In 1956, Oldenburg moved to New York and four years later opened "The Store," a studio/museum/theater on 2nd Street in the East Village. "The Store" was, in effect, a precursor of the kind of "integration of art into the community and was conceived as a museum of popular art" (ibid., p. 69). Like Neubern, it was a completely coherent fantasy fraught with paradox, yet Oldenburg's museum was inspired by the everyday items of the lower East Side slum.
The artist initially used The Store to exhibit and sell objects made of painted plaster, such as Mannikin with One Leg, 1961. Oldenburg wanted his representational works to reflect the images of every day life in the city. The human-scale size of the sculpture in relation to the other works being sold at The Store sets the object apart from the smaller products being produced at the time.
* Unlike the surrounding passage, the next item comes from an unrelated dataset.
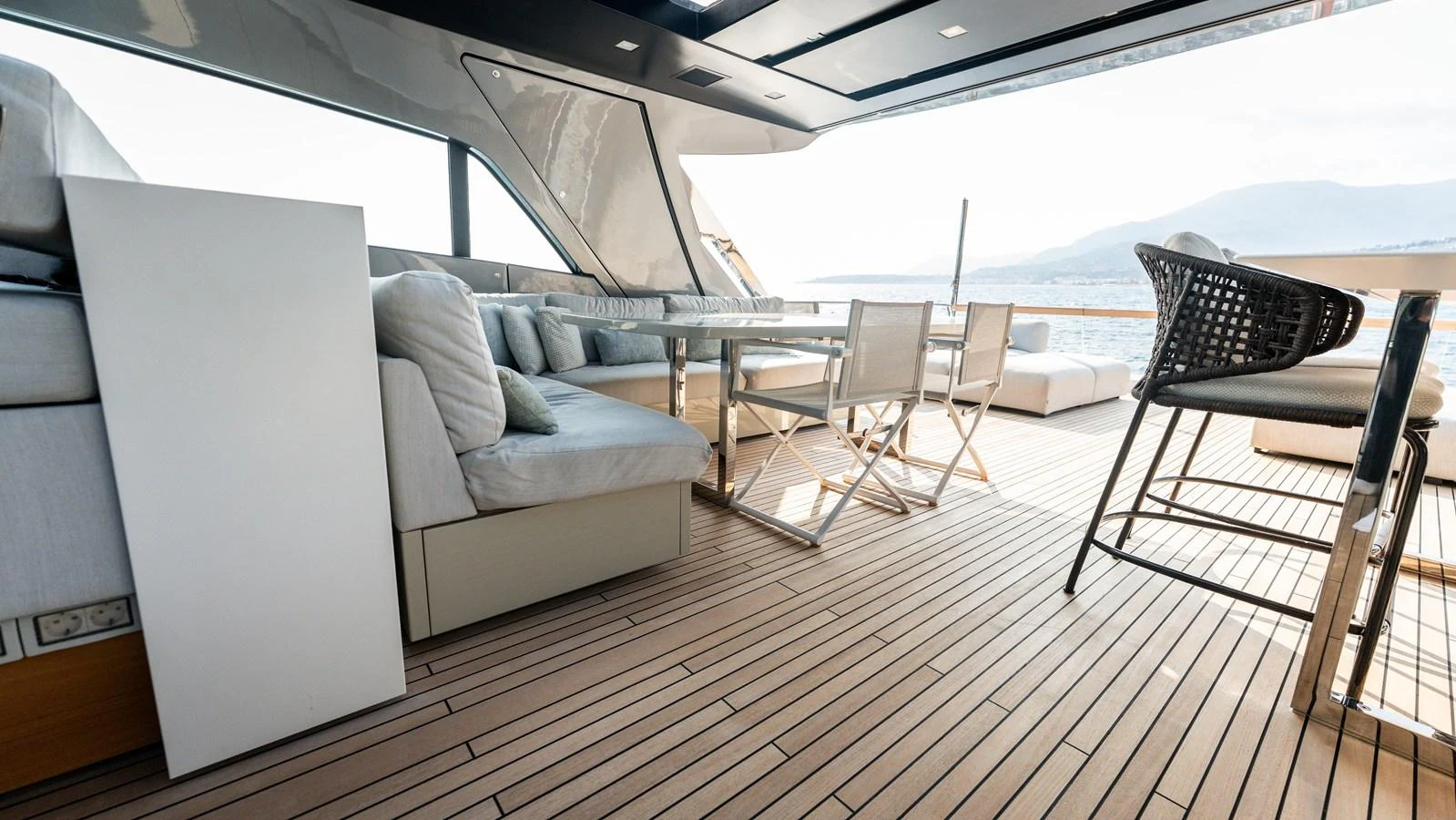 The aft deck features a spacious seating area with a dining table, perfect for alfresco dining and relaxation. aboard LA Yacht for Sale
Mannikin with One Leg, constructed of plaster, enamel, and muslin was, like the other earlier works manufactured in The Store, "blotched, spattered, and overpainted like a city wall" (ibid, p. 65). While the precedent of this interest in consumer goods and urban debris was set by the Dadaists, the splattered manner in which Oldenburg painted Mannikin with One Leg recalls the style of the Abstract Expressionist, Jackson Pollock.
Pop Art hit America full force at the outset of the 1960s and the presence of Oldenburg's Store as a museum/store/theatre was testimony to the new-found interest in the mundane aspects of the everyday and American consumer culture. Artists associated with this movement, such as Warhol, Lichtenstein and Oldenburg, realizing the potential of the everyday environment such as advertisements, comics, store-bought products and other aspects of popular culture validated these objects as art forms themselves. Although these Pop Artists reacted against the Abstract Expressionists, their pictorial depictions were nonetheless dependent on the innovations of their predecessors. While Warhol based his works on consumerism and mass media, Lichtenstein found inspiration in the mass produced comic-strips of the 1960s. Oldenburg, like his contemporaries, was interested in the notion of art as a business; however, unlike the more graphic works of Warhol and Lichtenstein, Oldenburg wanted to portray the raw power of "fleshy matter."